Quote the entries in full, character for character, without their images.

■ **Provided data**
===============

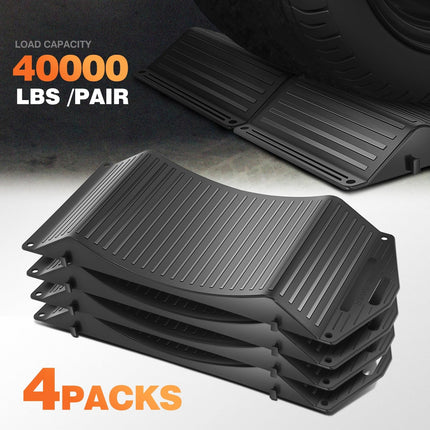 DNA Motoring Premium Tire Saver Ramps - Anti-Slip Hard Plastic Design for Flat Spot and Flat Tire Prevention, Easy-to-Carry Tire Savers Ramps, Set of 4, Black, Tools- 00706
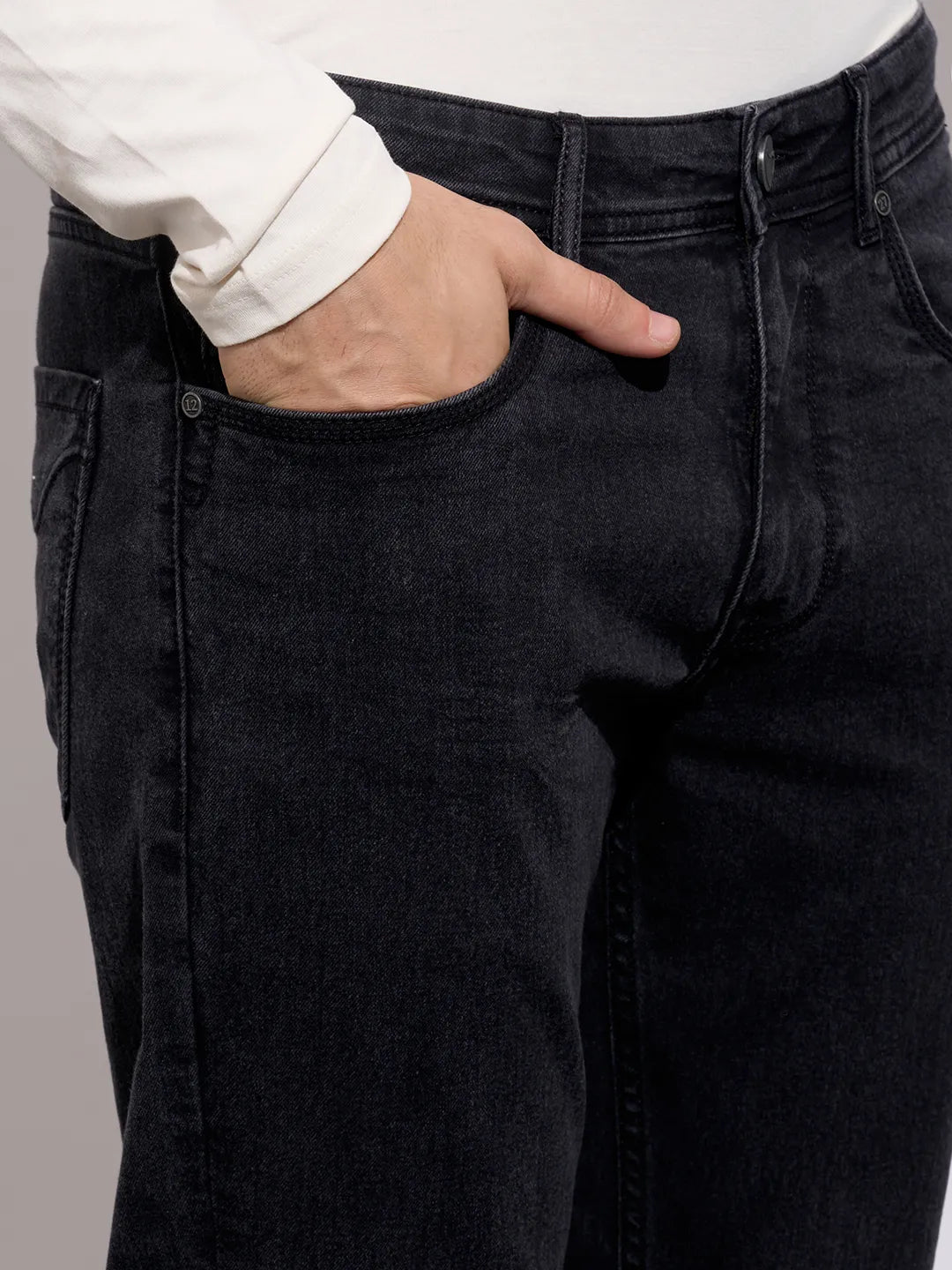 Men's Black Mid-Rise Slim Fit Jeans by Being Human Clothing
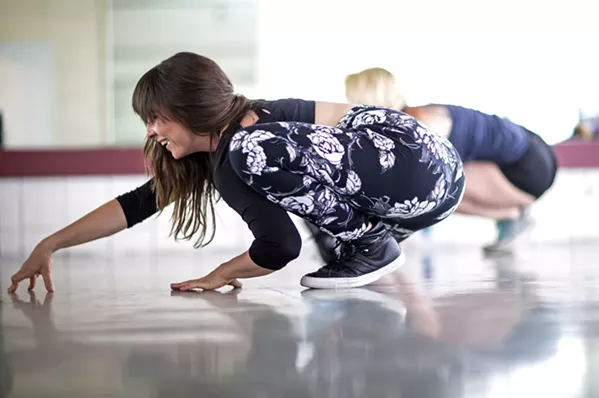 BUST A MOVE Shawna Marie, owner of Ignite Movement Studio in Morro Bay, leads a group of women through her dance fitness or Booty School Class. - PHOTO BY JAYSON MELLOM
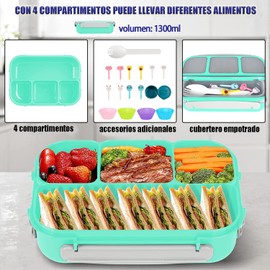 Bento Box, Fiambrera Lonchera para Adultos Niñas y Niño, Caja de Almuerzo de Estudiante, 1300 ml-4 Compartimentos, con Púas de Alimentos,Tazas para Tartas (VERDE)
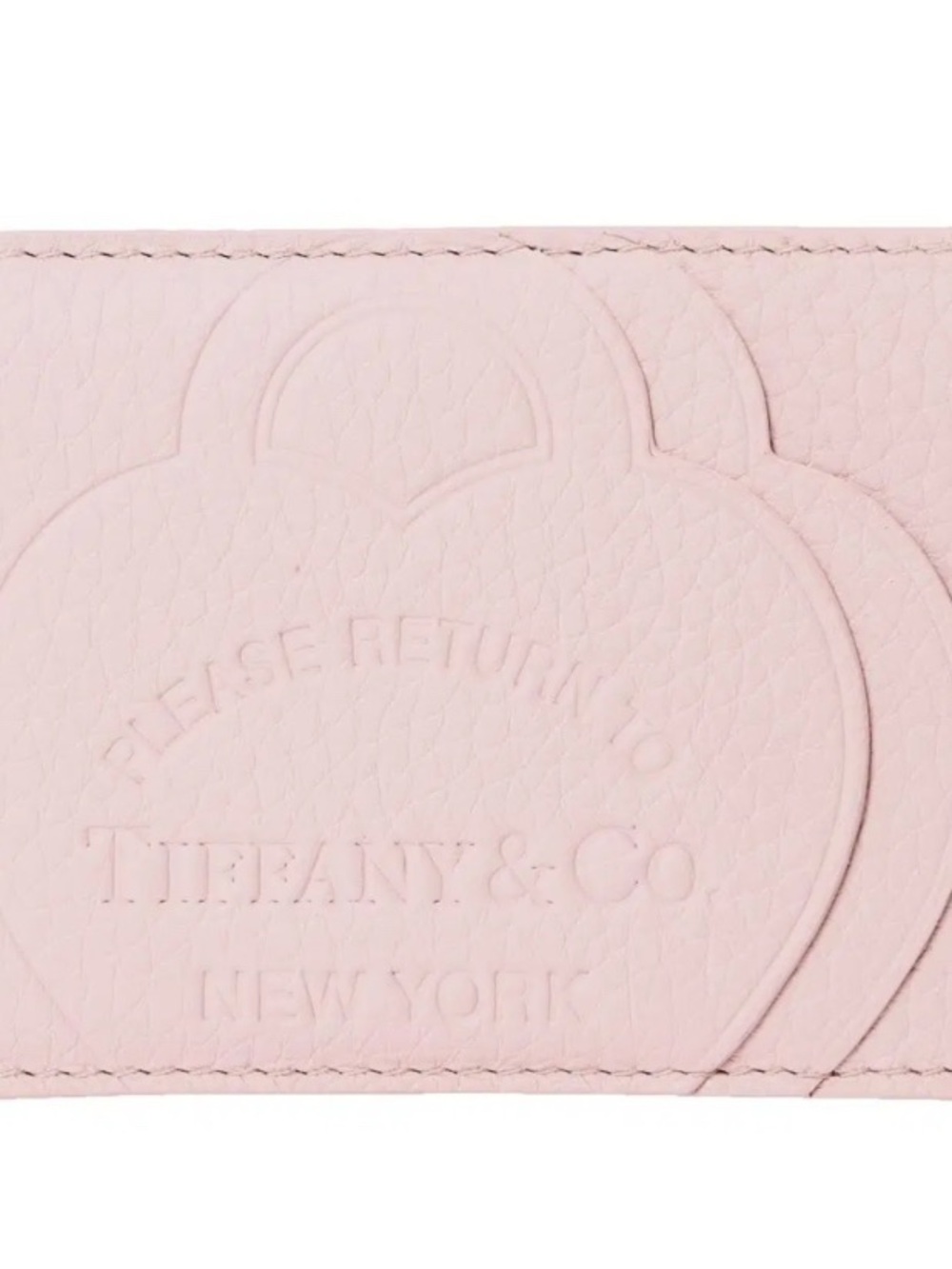 Tiffany & Co. Pale Pink Pebbled Leather Card & Key Holder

===============

■ **The answer**
 DNA Motoring Premium Tire Saver Ramps - Anti-Slip Hard Plastic Design for Flat Spot and Flat Tire Prevention, Easy-to-Carry Tire Savers Ramps, Set of 4, Black, Tools- 00706
 Men's Black Mid-Rise Slim Fit Jeans by Being Human Clothing
 BUST A MOVE Shawna Marie, owner of Ignite Movement Studio in Morro Bay, leads a group of women through her dance fitness or Booty School Class. - PHOTO BY JAYSON MELLOM
 Bento Box, Fiambrera Lonchera para Adultos Niñas y Niño, Caja de Almuerzo de Estudiante, 1300 ml-4 Compartimentos, con Púas de Alimentos,Tazas para Tartas (VERDE)
 Tiffany & Co. Pale Pink Pebbled Leather Card & Key Holder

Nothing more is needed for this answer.